Positive / Negative Gearing

Positive / Negative Gearing

Positive and negative gearing: explained

The terms "positive and negative gearing" are commonly talked about topics. This article explains what these terms mean, the advantages and disadvantages of each investment and how it works within your investment strategy.

Before selecting a property to invest in it is important to consider whether that property best suits your current investment strategy. An important way to determine whether a property is suited to you is to understand whether it is a Positively Geared (Cash-flow Property) or Negatively Geared (Capital Growth Property).

In this article, we will compare the two types of properties by explaining how it works and the advantages and disadvantages involved. This will then help you to form a better idea of what may suit your investment strategy.

What is a positively geared property?

Positive gearing occurs when you receive more in rent from your tenants than what you pay on the likes of loan repayments, interest, property maintenance and rates. This tends to happen at times when rents are high due to strong demand and interest rates are low.

This type of investment is often referred to as a ‘cash flow property’ as the property is putting additional money into your pocket.

For example, a property that costs $400,000 located in an area where availability is limited and rental prices are high may have a rental return of $590.00 per week. The repayment costs are only $457.00 per week therefore this property is increasing your income by $133.00 per week and in turn is paying for itself. In this situation, the property is positively geared.


Increased income - you benefit by receiving an income from the property and not having to be out of pocket. You can even use this income to make additional payments into your mortgage and own your home sooner!

Not as much risk - if your income circumstances changes e.g. if you were to lose your job then the income will cover the costs of the investment and you are less likely to need to sell under pressure and potentially unfavourable conditions.

Balanced portfolio - some investors may use a positively geared property to balance their portfolio, using the additional income to pay the shortfall of negatively geared investments.

Lender Attractiveness - the additional income can increase your attractiveness to lenders for additional loans.


Taxable - just like any form of income, the income you earn on a positively geared property is taxable.

Slower long-term growth - often but not always, a positive cash flow investment can be located in a regional area (rather than capital cities), which commonly (but not always) see less or slower capital growth. Dual income properties can often be located in capital growth areas but also provide cash-flow.

More volatile - these properties may be largely dependent on a particular industry of employment which can make it subject to greater volatility should employment factors weaken.

What is a negatively geared property?

A negatively geared investment exists when the rental income you receive is less than the costs of owning the property. Often referred to as ‘capital growth properties’, negatively geared investments are expected to appreciate in value over time and this increase is expected to outweigh any short-term financial losses. These properties are commonly located in areas closer to capital cities which typically perform better over the long term.

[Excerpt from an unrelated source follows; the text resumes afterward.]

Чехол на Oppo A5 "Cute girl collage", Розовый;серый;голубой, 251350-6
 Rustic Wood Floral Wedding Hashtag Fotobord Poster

For example, a property that costs $400,000 located in a high growth, stable area, most likely near a capital city where rental yields may be lower, the rental return may be a more affordable amount of $420 per week and therefore does not fully cover repayment costs of $457.00 per week and you have a short-fall of $37.00 per week. In this situation, the property is negatively geared.


Tax Deductions - a common reason investors choose this strategy is that it allows you to claim tax deductions related to the expenses you incur. So by claiming the available tax deductions you can reduce your rental short-fall and ultimately reduce your taxable income.

Capital Growth - assuming the strategy goes to plan, the capital returns from the property will eventually outweigh the borrowing levels and costs to create wealth for the investor at sale.

More affordable for tenants - because of the affordability, it can be easier to secure a tenant for the long term.

Less volatile - unlike a property in a regional area which may rely heavily on particular employment industries to drive up demand, these properties rely on a variety of factors and can be a less volatile investment.


Budgeting is needed - you need to be able to budget for the ongoing shortfalls. Also when the property is sold for a profit, the tax man collects on the capital gain.

Long-term strategy - it’s a longer term wealth creating strategy so if your circumstances change and a sale is necessary the sums may not work out favourably.

Higher financial risk - if in the instance you were to lose your job you will need to be able to maintain any costs involved. Make sure you have a plan in place to ensure you are prepared. For example, income protection and insurance policies.